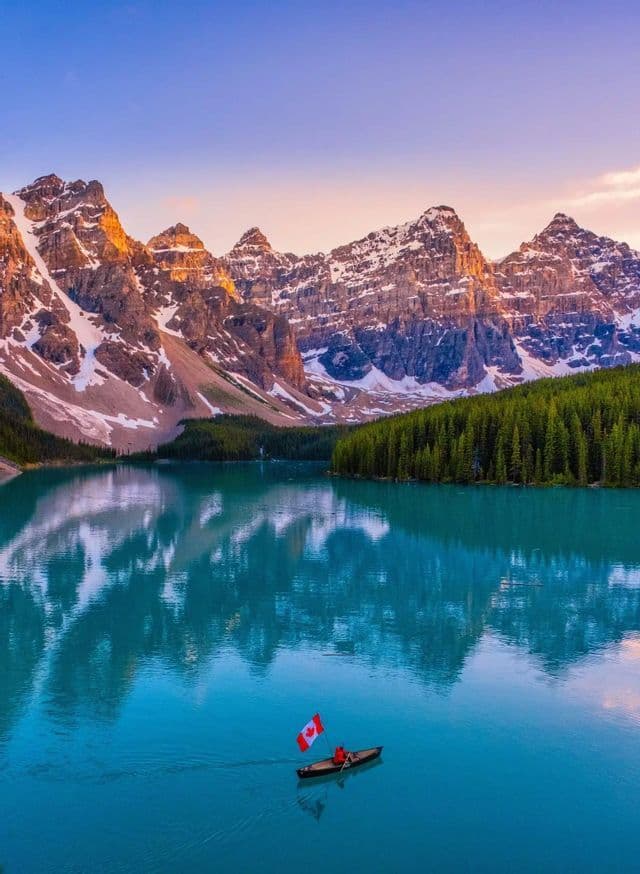 A person in a canoe holding a Canadian flag paddles across a turquoise lake in front of snow-capped mountains and a forest.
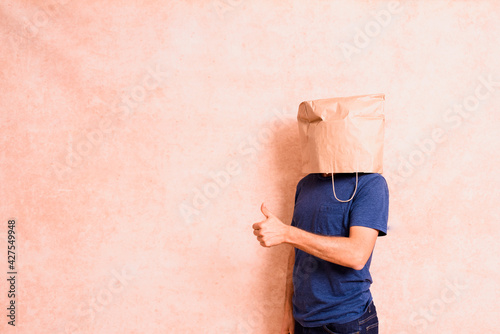 Man with paper bag on his head satisfied with his personal achievement, isolated.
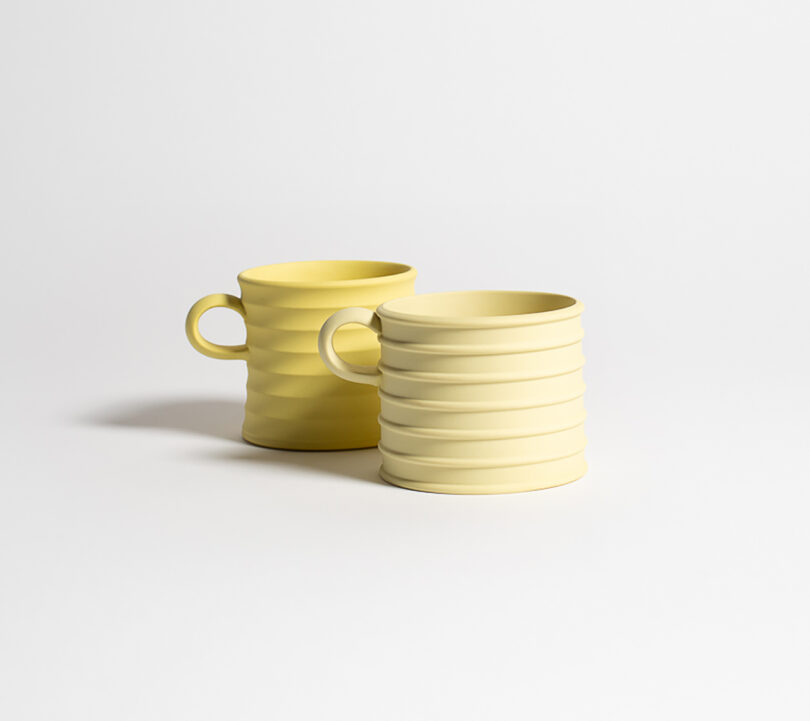 Two yellow ceramic mugs with horizontal ridges and handles are placed on a plain, light background.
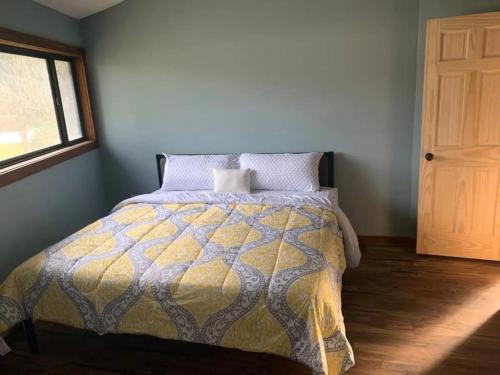 1 dormitorio con 1 cama con edredón amarillo y gris en Unique Octagon House near Cedar Point, en Huron
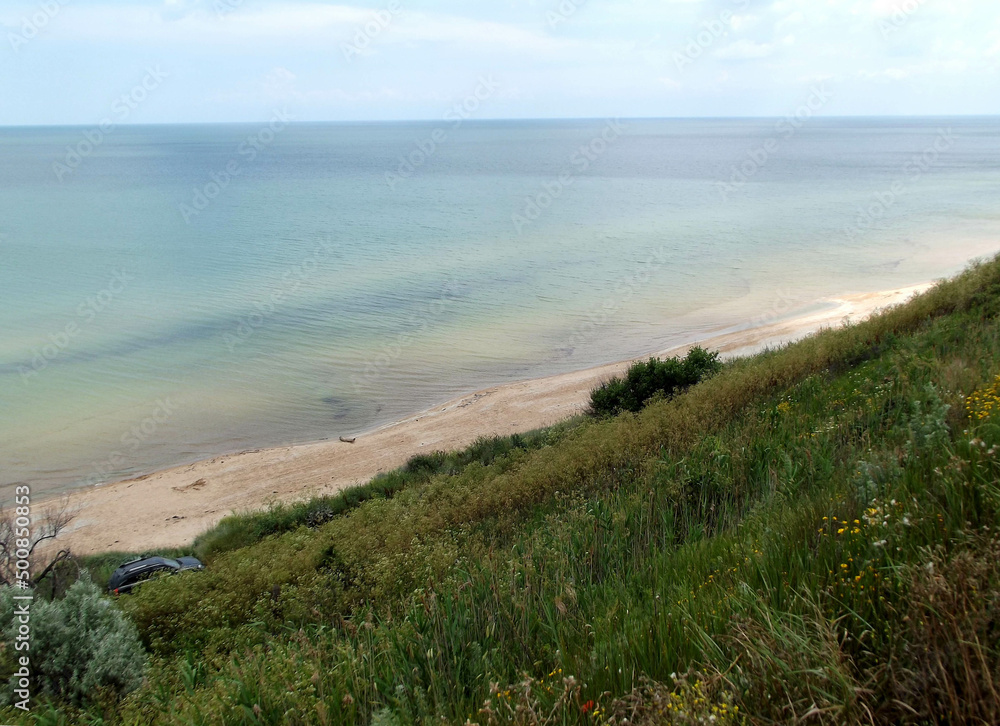 Azov sea coastal area with smooth green grass slope. Seashore view with sandy undeclared beach, blue sky horizon and a car.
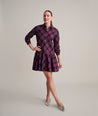 Model is wearing UNTUCKit Reese Dress in plaid.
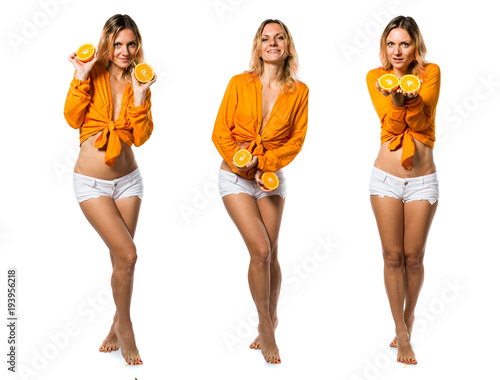 Beautiful blonde woman holding oranges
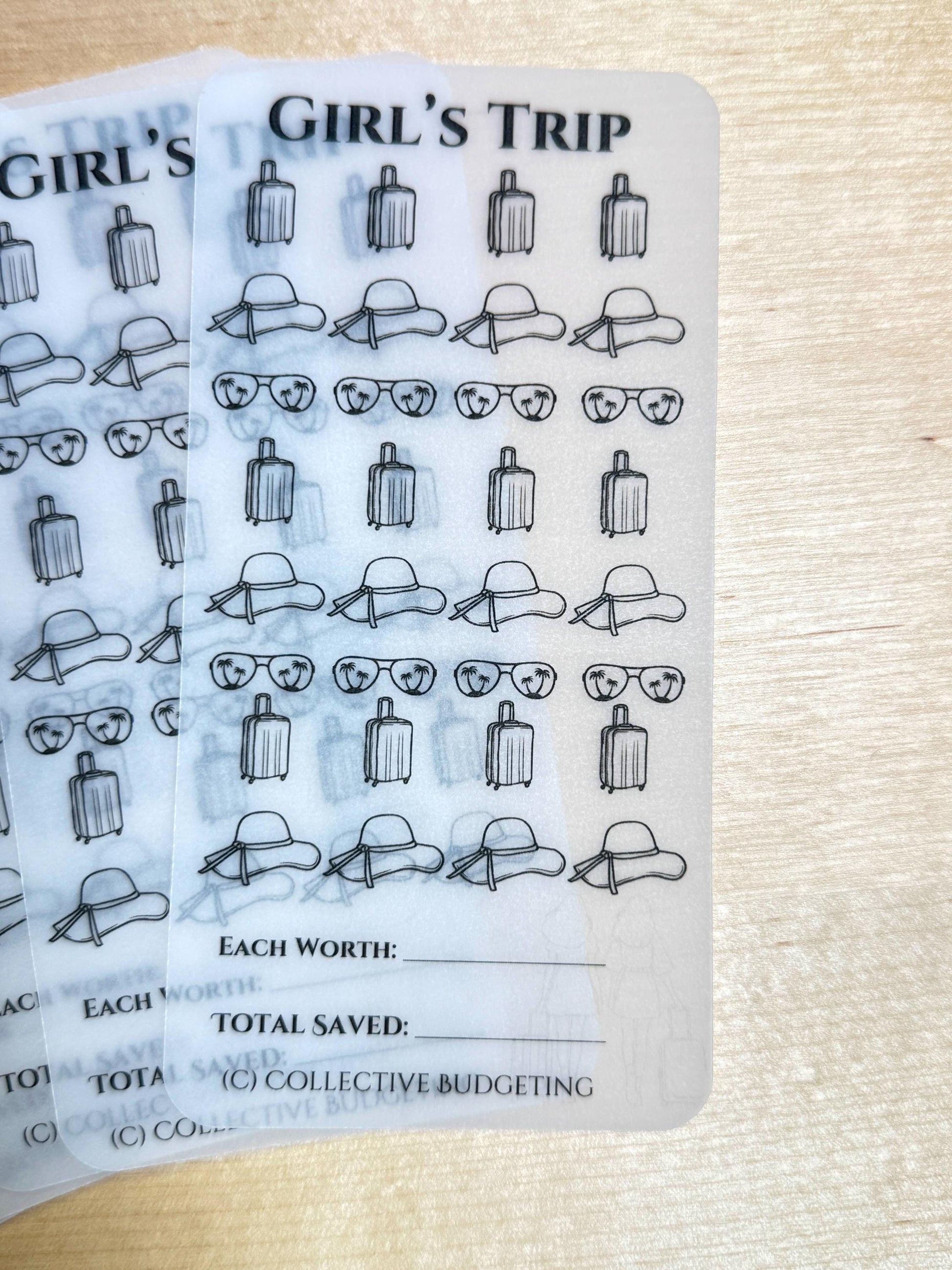 Two transparent sheets with a black and white design of suitcases, sunglasses, and sun hats. The sheets have the text 'Girl's Trip' at the top and the text 'Each Worth:', 'Total Saved:', and '(C) Collective Budgeting' at the bottom.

━━━━━━━━━━━━━━━━━━━━

AIM OF THE TASK> Take the line that contains "Two yellow ceramic" and every line after it down to the last line of the entries above, and output them exactly, with nothing else and no pictures.

RESPONSE BOX>
 Two yellow ceramic mugs with horizontal ridges and handles are placed on a plain, light background.
 1 dormitorio con 1 cama con edredón amarillo y gris en Unique Octagon House near Cedar Point, en Huron
 Azov sea coastal area with smooth green grass slope. Seashore view with sandy undeclared beach, blue sky horizon and a car.
 Model is wearing UNTUCKit Reese Dress in plaid.
 Beautiful blonde woman holding oranges
 Two transparent sheets with a black and white design of suitcases, sunglasses, and sun hats. The sheets have the text 'Girl's Trip' at the top and the text 'Each Worth:', 'Total Saved:', and '(C) Collective Budgeting' at the bottom.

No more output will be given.